- Data:
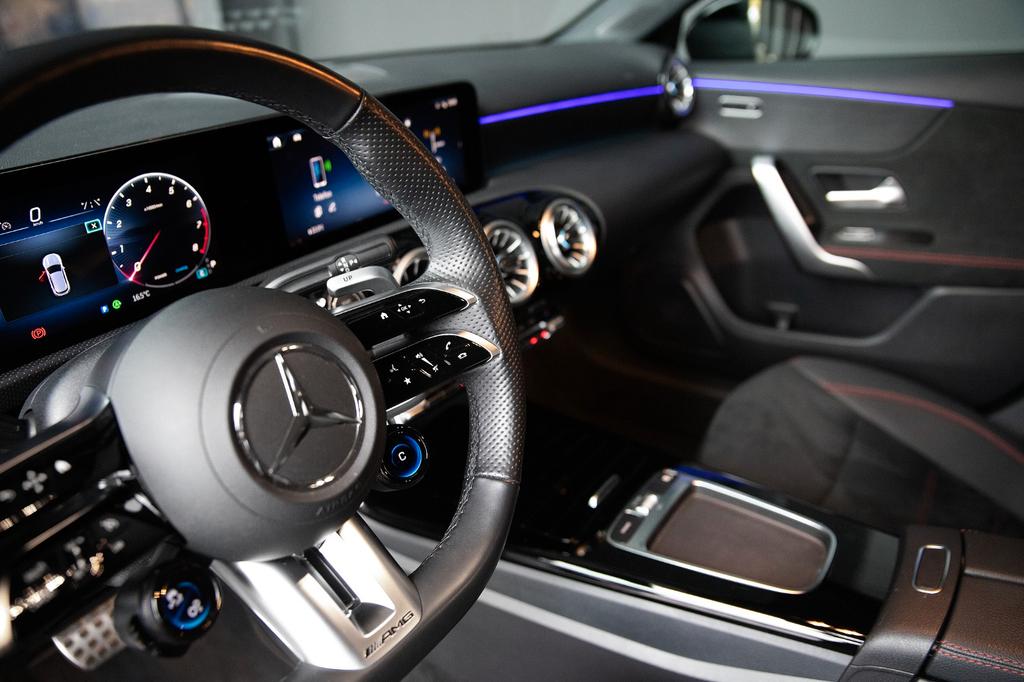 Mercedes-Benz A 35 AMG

* * *

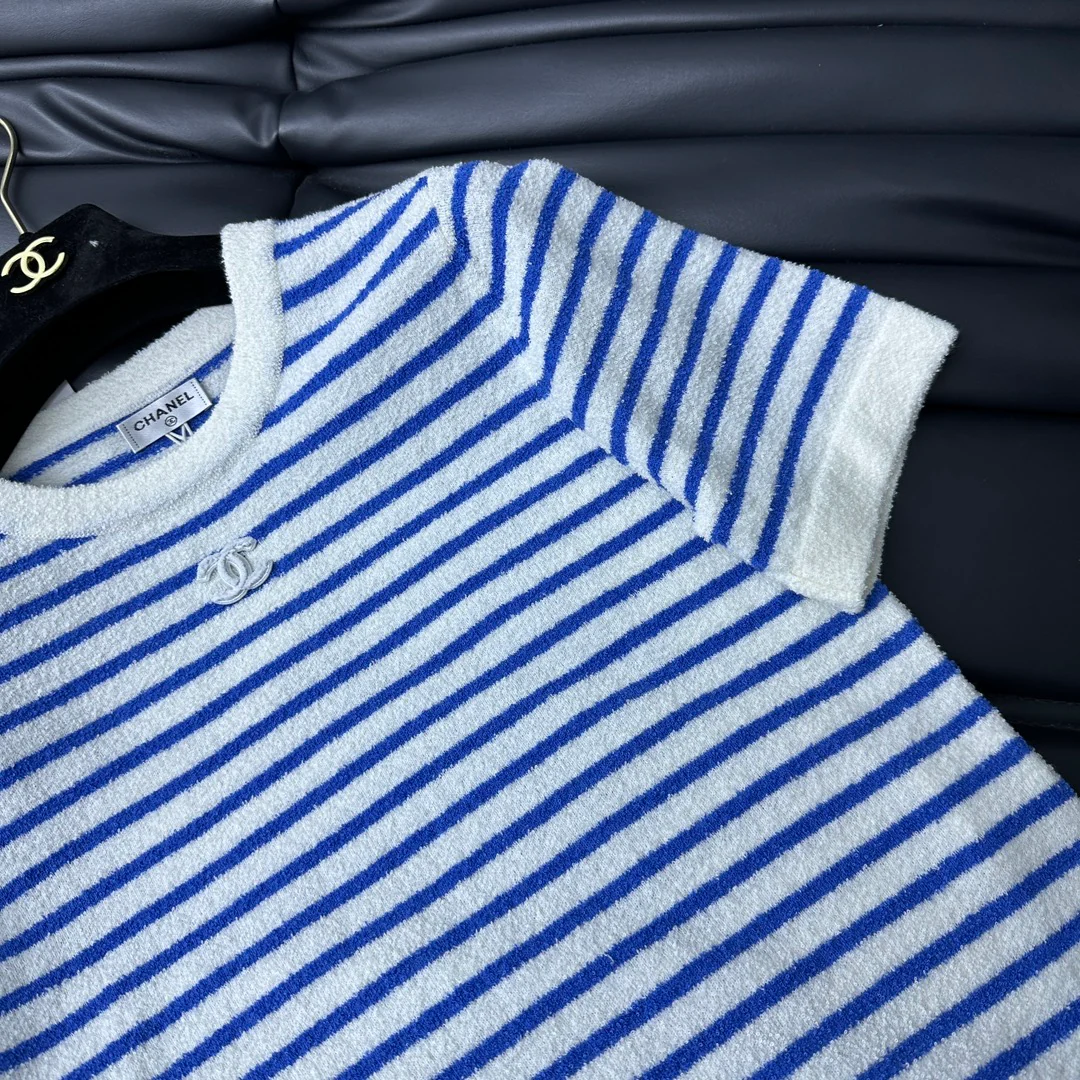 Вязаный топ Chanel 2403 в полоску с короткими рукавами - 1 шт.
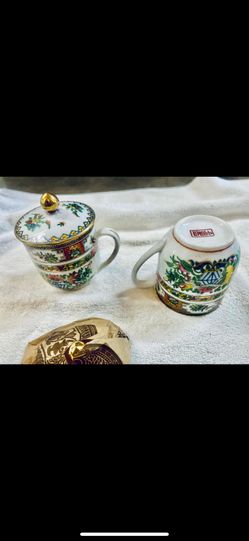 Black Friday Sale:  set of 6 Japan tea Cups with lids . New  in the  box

...

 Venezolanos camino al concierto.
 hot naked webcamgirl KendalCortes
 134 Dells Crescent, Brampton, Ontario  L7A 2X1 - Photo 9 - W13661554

- To do: Reproduce word for word the material above, beginning with the line that contains "Venezolanos camino al concierto." and ending with the line that contains "134 Dells Crescent, Brampton, Ontario".

- Result for this exercise:
 Venezolanos camino al concierto.
 hot naked webcamgirl KendalCortes
 134 Dells Crescent, Brampton, Ontario  L7A 2X1 - Photo 9 - W13661554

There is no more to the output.